Much research data nowadays is sourced directly from the Web, either from traditional websites or from social media platforms. Economists, sociologists, and geographers often rely on web scraping to collect large datasets about the behaviour of many human systems. This includes, for example, getting flight prices from Expedia to model transport market dynamics, collecting Facebook messages to analyse hate speech, and scraping Airbnb listings to study the housing crisis in London. I have done some web scraping for my research, and I always assumed that this approach was technically illegal, as it usually infringes the Terms of Service of data owners.
It had escaped my attention that, in 2014, the UK introduced clear legislation to define exceptions to copyright for non-profit research. In summary, scraping copyright-protected material from the web is allowed if one has access to it and if the research is non-commercial. The text from the British Intellectual Property Office (Exceptions to Copyright section) unambiguously states:
Non-commercial research and private study
You are allowed to copy limited extracts of works when the use is non-commercial research or private study, but you must be genuinely studying (like you would if you were taking a college course). Such use is only permitted when it is ‘fair dealing’ and copying the whole work would not generally be considered fair dealing.
The purpose of this exception is to allow students and researchers to make limited copies of all types of copyright works for non-commercial research or private study. In assessing whether your use of the work is permitted or not you must assess if there is any financial impact on the copyright owner because of your use. Where the impact is not significant, the use may be acceptable.
If your use is for non-commercial research you must ensure that the work you reproduce is supported by a sufficient acknowledgement.
Text and data mining for non-commercial research
Text and data mining is the use of automated analytical techniques to analyse text and data for patterns, trends and other useful information. Text and data mining usually requires copying of the work to be analysed.
An exception to copyright exists which allows researchers to make copies of any copyright material for the purpose of computational analysis if they already have the right to read the work (that is, they have ‘lawful access’ to the work). This exception only permits the making of copies for the purpose of text and data mining for non-commercial research. Researchers will still have to buy subscriptions to access material; this could be from many sources including academic publishers.
Publishers and content providers will be able to apply reasonable measures to maintain their network security or stability but these measures should not prevent or unreasonably restrict researcher’s ability to text and data mine. Contract terms that stop researchers making copies to carry out text and data mining will be unenforceable.

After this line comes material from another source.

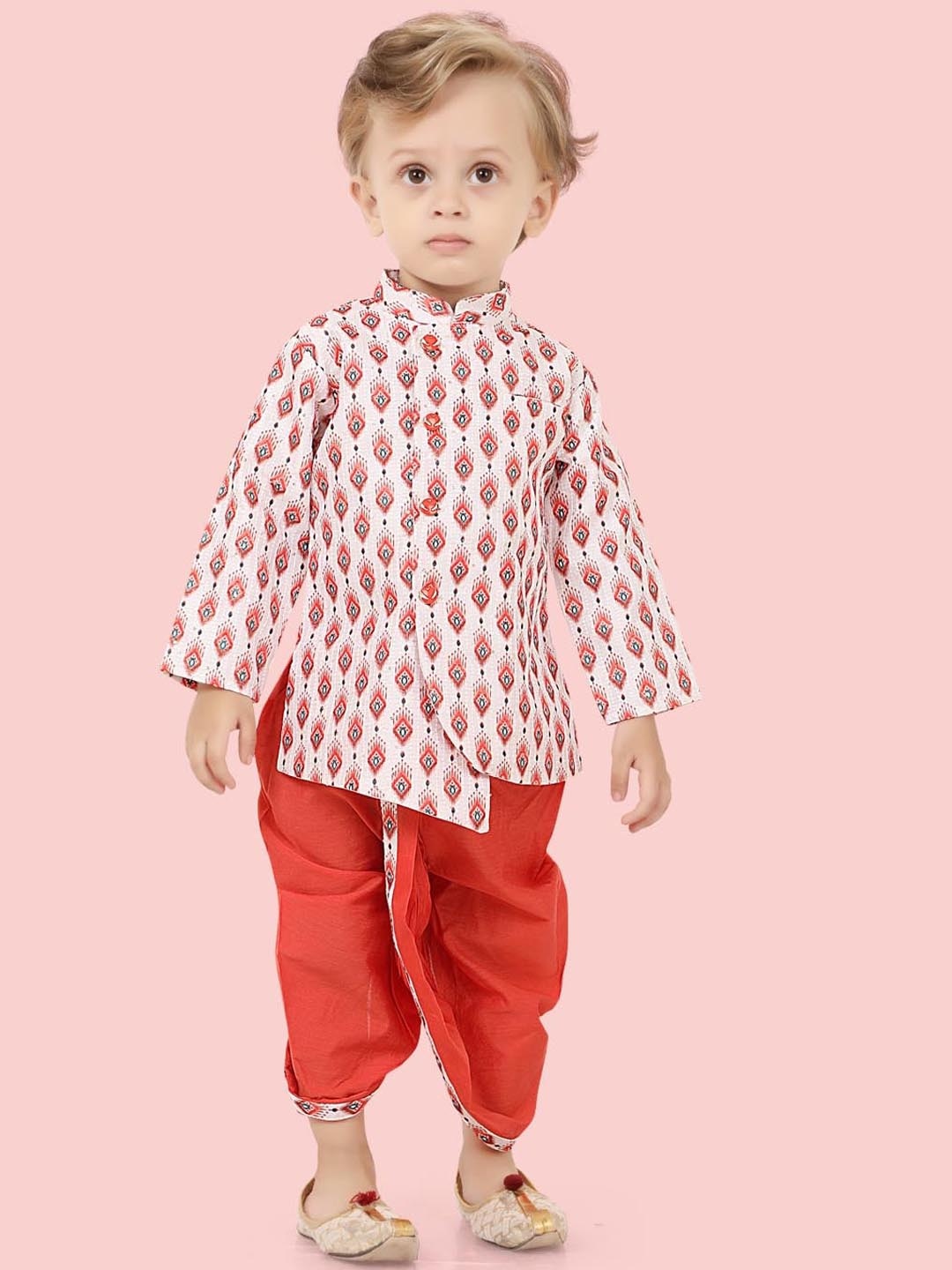 Ethniks Neu-Ron Boys Ethnic Motifs Printed Mandarin Collar Straight Kurta With Dhoti Pants, White
Ethniks Neu-Ron Boys Ethnic Motifs Printed Mandarin Collar Straight Kurta With Dhoti Pants, White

Obviously, one should bear in mind that some scraping practices can still be unethical while being legal, and extreme caution is always advisable, particularly when scraping personal data (see this in-depth discussion on the subject).
It may be good practice to use a note to research articles that use scraped data (found in Scarborough et al 2020):
The use of data collected by the researchers for this study is covered by the Intellectual Property Office’s Exceptions to Copyright for Non-Commercial Research and Private Study (https://www.gov.uk/guidance/exceptions-to-copyright).
As most platforms currently do not allow access to their data through APIs, this is fantastic news to all web researchers like myself, and for anybody who was planning to do fieldwork and now, sadly, has to rely more on secondary data that can be safely collected from home.